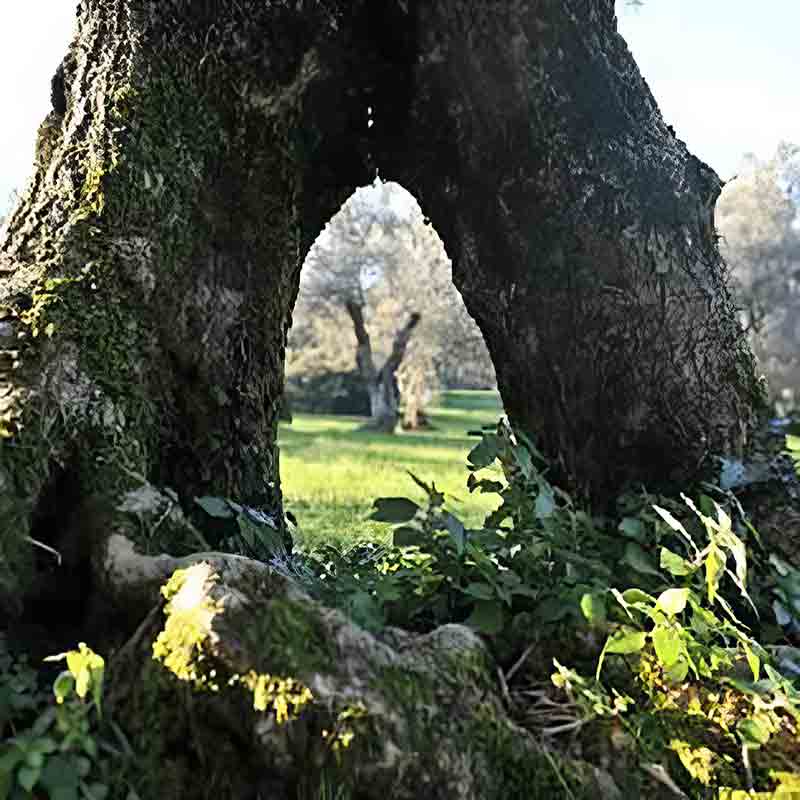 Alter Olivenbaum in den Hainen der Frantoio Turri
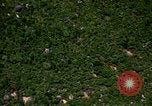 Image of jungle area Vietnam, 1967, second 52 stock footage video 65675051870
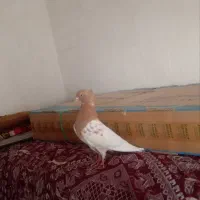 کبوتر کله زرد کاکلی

#### [GOAL OF THE EXERCISE]
Everything in the listing above except the pictures should be duplicated exactly.

#### [SOLVED EXERCISE]
 Alter Olivenbaum in den Hainen der Frantoio Turri
 Image of jungle area Vietnam, 1967, second 52 stock footage video 65675051870
 کبوتر کله زرد کاکلی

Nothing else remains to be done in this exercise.